De tal modo, la balanza que usaban los mercaderes de siglos pasados remite hoy a las nociones de justicia terrenal y justicia kármica. La blancura de la paloma –ave que algunos consideran una plaga urbana y hasta un riesgo para la salud– es capaz de simbolizar la paz, la pureza espiritual y al mismísimo Dios en la persona del Espíritu Santo. Un objeto como la espada inspira significaciones tan diferentes como el dolor, el poder, la muerte y el sabio discernimiento intelectual. La esvástica –que tras la tragedia del nazismo es vivo recuerdo del horror y el genocidio– era para los hindúes un ícono de buena suerte que representaba la armonía de los cuatro elementos de la Naturaleza.
Esta es una característica inherente al símbolo: su apertura a las interpretaciones más diversas; sus metamorfosis de época en época, de sociedad en sociedad. Un símbolo nunca es estático; jamás se encierra en sí mismo, sino que interactúa libremente con nuestra subjetividad, desplegando con la fuerza de un rayo toda su riqueza significante. De ese intercambio entre el observador y lo observado –que en un instante de revelación se hacen uno– nacen ideas, intuiciones, poemas, profecías y hasta certezas científicas.
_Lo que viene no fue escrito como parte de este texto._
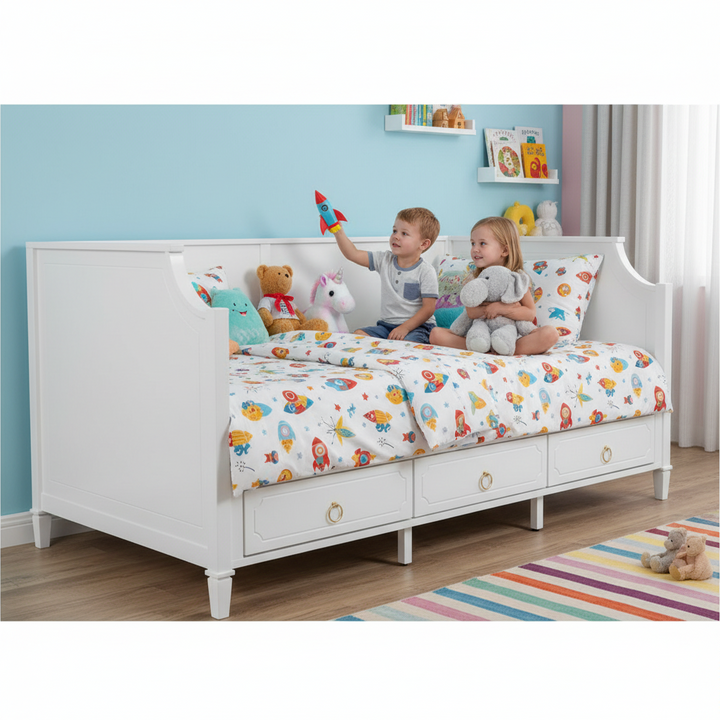 Mariana 3-Drawer Daybed - King Single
Una fruta que desde lo alto cae sobre la cabeza suele ser un molesto incidente: para Newton, en cambio, fue la certidumbre de la gravedad. Una vela encendida es grata compañía nocturna: Einstein fue más allá y dedujo que la luz era onda y partícula tras contemplar largo rato la llama de un cirio. Nostradamus observaba con calmada atención el agua contenida en un recipiente y ésta le retribuía con turbulentas visiones de los siglos por venir.
El tarot es un gran acervo de símbolos, reunidos y refinados de generación en generación por una amplia gama de culturas. Abundan en él símbolos cristianos, cabalísticos, paganos, numerológicos, astrológicos, arquitectónicos o cromáticos: quien los estudia integralmente se apropia de ellos tanto en su dimensión intelectual y estética como en la emotiva y espiritual; no se limita a rumiar los significados de los manuales adivinatorios, sino que explora cada símbolo en todos sus aspectos: los piensa, los siente, los intuye, los visualiza, los dibuja, los ama. Y al discernirlos amorosamente en sus diversas facetas, el estudiante del tarot se convierte en maestro de sí mismo.
El tarot –al igual que los sueños, la inspiración artística, las visiones proféticas y los centellazos de intuición– habla en imágenes que se abren paso desde nuestro inconsciente para revelarnos verdades que de otra manera nos estarían vedadas. El tarot nos enseña a contemplar el Universo como un espacio simbólico –y la serena contemplación de cada símbolo hace fluir caudales de vislumbres. Es milenario heraldo de lo divino, dinámico instrumento de comunicación que vuelve tangibles los sagrados senderos de lo intangible.